Egypt: The Book of Going Forth by Day - is a CD-ROM - based, extended narrative in hypermedia. Because of the complexity, it was conceived and written, from the beginning, with a variety of software programs. The most stubborn problem, all along, however, was trying to find an overall authoring program that would continue to be viable and supported. The following notes were written in fall, 2002. They account for several years of struggle - attempts to get Egypt written on some kind of secure platform. Since 2002, of course, Director has seen a couple of new versions and has been sold to Adobe, a company that is not keeping it current as they have another creative Suite (which does include Flash - but not Director). And so, despite significant effort, Egypt exists on a platform that will not be supported in the future.

Egypt is an extreme example, of course, because it uses text, sound, image, flash panels, animations, elaborate architecture, and so forth. But the search for semi-permanent platforms is endemic in Electronic Literature.


Toolbook Version

As I look at the Toolbook version from 1998, I am struck with how antique it seems a mere four years later. The small screen resolution contributes to this - but more indicative for me is the awkwardness of the navigation and flow. Part of that effect is due to my own lack of expertise in the medium - but I had already done most of Califia by that time, and I remember I was still struggling with authoring features that did not lend themselves easily to a long, fictional narrative and ready access to a large database of material. My experience has been that the navigation structure is one of the most difficult aspects of writing hypermedia narratives.

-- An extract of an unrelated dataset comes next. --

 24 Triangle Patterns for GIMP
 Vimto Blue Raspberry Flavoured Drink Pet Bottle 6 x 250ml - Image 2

The differences between the Toolbook version and later versions is most vivid in the employment of the graphics. My ideas about what the graphic environment needs to contribute to the overall "text" has evolved over time. In 1998, I was still hesitant to allow the graphic elements to support themselves. But in order to allow the graphics a greater autonomy, they need to be not only background and local color, information and orientation, but also to embody the essence of the structure and context. This Toolbook version is a good example of graphics that are not fully integrated into the concept of the whole. [The change from a white background to a black one (later) was occasioned by my testing of Califia and problems with the background color for that novel. White is very harsh for a long piece - and off-white tended to fight with the brilliant colors that are so characteristic of Egyptian art. So, the subsequent versions with black backgrounds not only changed the look, but dictated a different set of graphics.]

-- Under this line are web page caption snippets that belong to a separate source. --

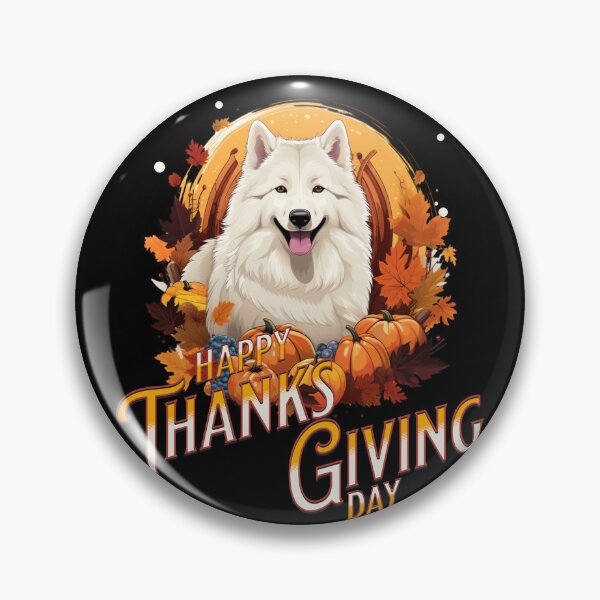 Item preview, Happy Thanksgiving Day Samoyed designed and sold by Vindbult.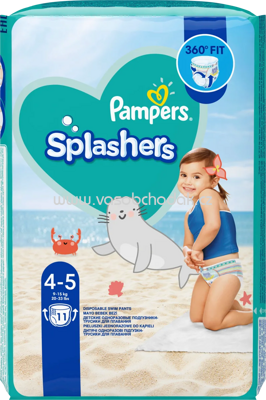 Pampers Schwimmwindeln Splashers Gr.4-5, 9-15 kg, 11 St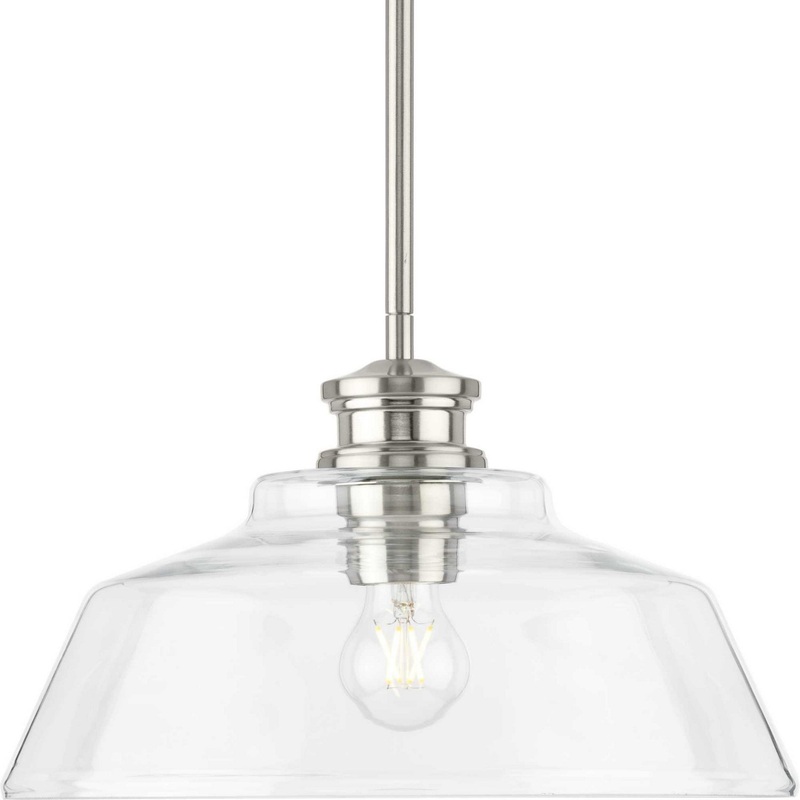 Singleton One Light Pendant in Brushed Nickel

If one reads the beginning of the narrative, however, the text seems to start out much the same in all of the versions. However, the opening sequence has been altered slightly, but significantly, to reflect what has come to be a change in the entire direction of the plot. In the Toolbook version the narrator begins her journey in Cairo and proceeds upriver to Aswan. In the later versions, the journey is downriver - Aswan to Cairo. Moreover, in the early versions (Toolbook, HTML, and DHTML) - the Jeanette/Ba narrator is alive (both symbolically and really) and she comes to Egypt to participate in the Osiris drama as a helpmeet/witness for her brother. In the Director version, we discover that Jeanette is probably already dead, and that her Ba, Ka, and Akh are reunited in the process of accompanying Osiris on his journey downriver and through the symbolic underworld.

The use of hieroglyphs as navigation features is only rudimentarily developed in the Toolbook version. One major problem was finding a hieroglyphic font that would produce robust glyphs and could be imported into another program. In the end, I bowed to necessity and made separate .gif and .jpg files for each one - but at the time of the Toolbook version, I was still trying to avoid that.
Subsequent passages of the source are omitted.